Diagnostic Errors, Misinterpretation, and Clinical Risks
Clinicians may diagnose hyperkalemia, hemolytic anemia, hepatic injury, or myocardial damage based on results distorted by hemolysis. Apparent potassium spikes from in‑vitro hemolysis can lead to unnecessary ECG monitoring, repeat testing, or inappropriate treatment. Masked elevations or false low values may delay recognition of real disease. If reports fail to flag hemolysis or staff overlook comments, misinterpretation becomes more likely. These errors pose direct risks to patient safety, from needless anxiety and procedures to missed diagnoses. Robust preanalytical controls and clear communication remain vital safeguards.
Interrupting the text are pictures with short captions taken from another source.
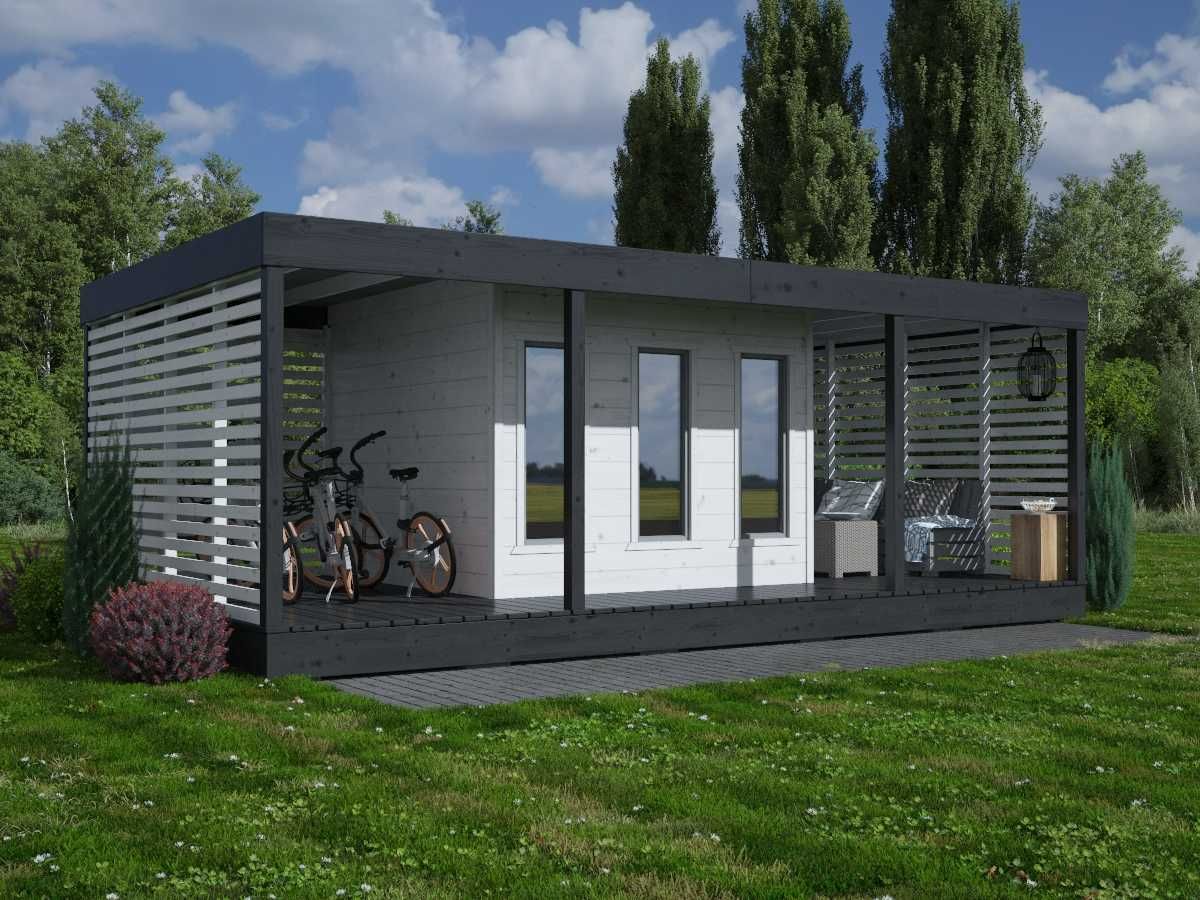 DOMEK 28m2 na ROD domek 7x4 domek 4x4 MDN10A sauna jacuzzi siłownia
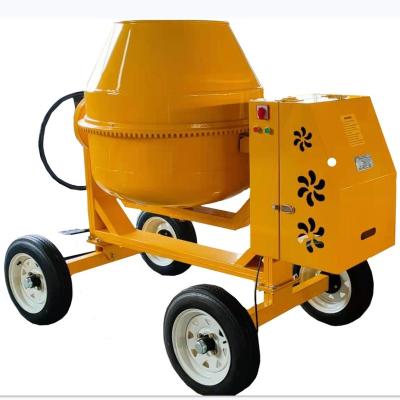 China 800L small Mobile Concrete Mixers 4 wheels electric motor cement machines China en venta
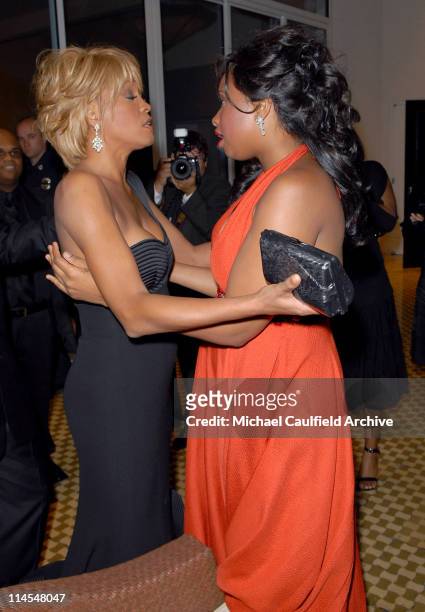 Whitney Houston and Jennifer Hudson during Mercedes-Benz Presents the 17th Carousel of Hope Ball - Red Carpet at Beverly Hills Hilton in Beverly...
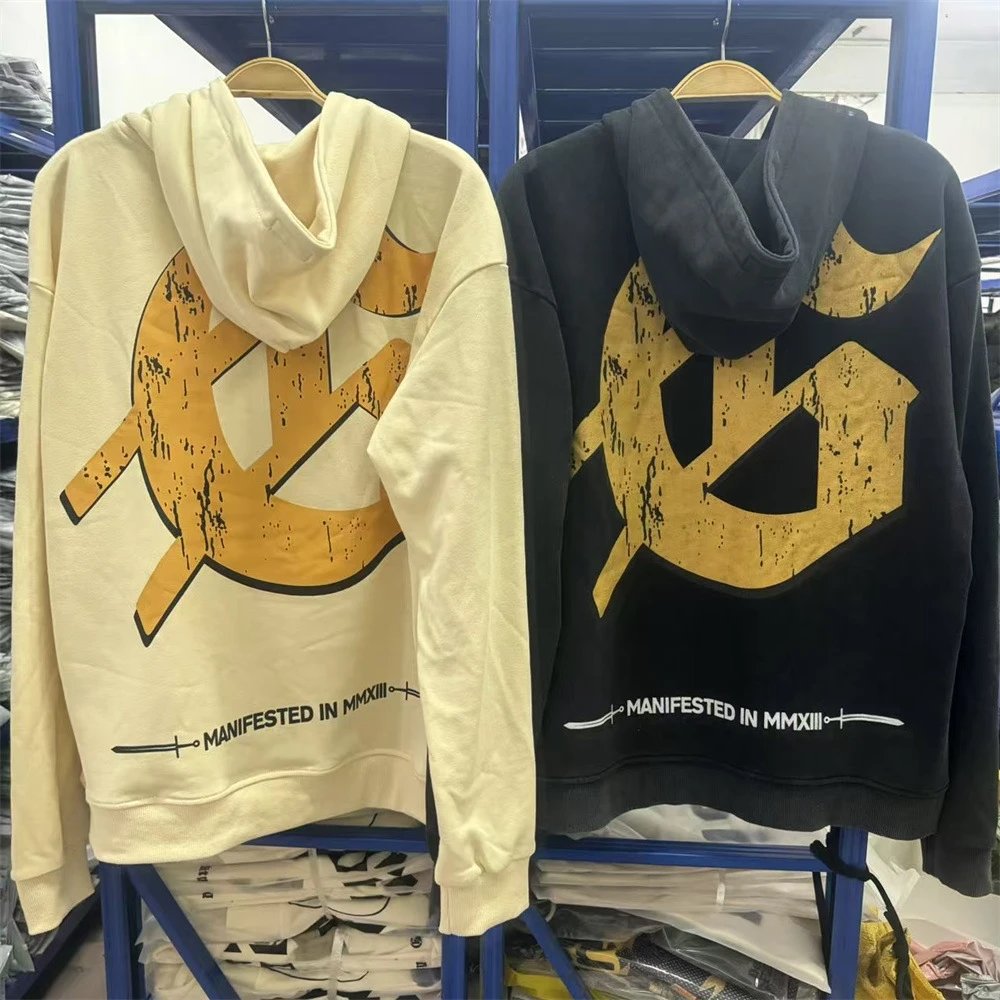 Godspeed Out Of Many, One Distressed Graphic Hoodie - 11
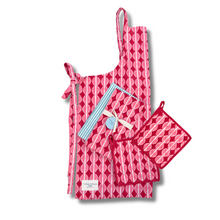 Bobbles Apron in Peppermint - traditional tie style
Sample Rejection, Delays, and Increased Study Costs
Laboratories often reject moderate to severely hemolyzed specimens to protect quality. Each rejection means additional venipuncture, patient inconvenience, and lost time. For hospitalized patients, delays in critical tests can slow clinical decisions. In clinical trials and nonclinical studies, hemolyzed samples may require recollection outside optimal time windows or lead to missing data points. Sponsors then face protocol deviations, extended recruitment, and higher monitoring costs. Processing and investigating hemolyzed samples also consume staff resources. Preventing hemolysis upstream is usually far cheaper than dealing with downstream consequences.
Conclusion
Hemolyzed blood samples reflect damage that occurs after collection, not necessarily disease within the body. When red blood cells lyse, they release hemoglobin, electrolytes, and enzymes that alter plasma composition and distort many assays. These changes can create false biomarker elevations or reductions, compromise DMPK analyses, and trigger diagnostic errors. Laboratories and research teams must recognize, evaluate, and manage hemolyzed specimens carefully to protect data integrity. By improving collection techniques, handling, and preanalytical oversight, organizations can reduce hemolysis and safeguard both patient care and study outcomes.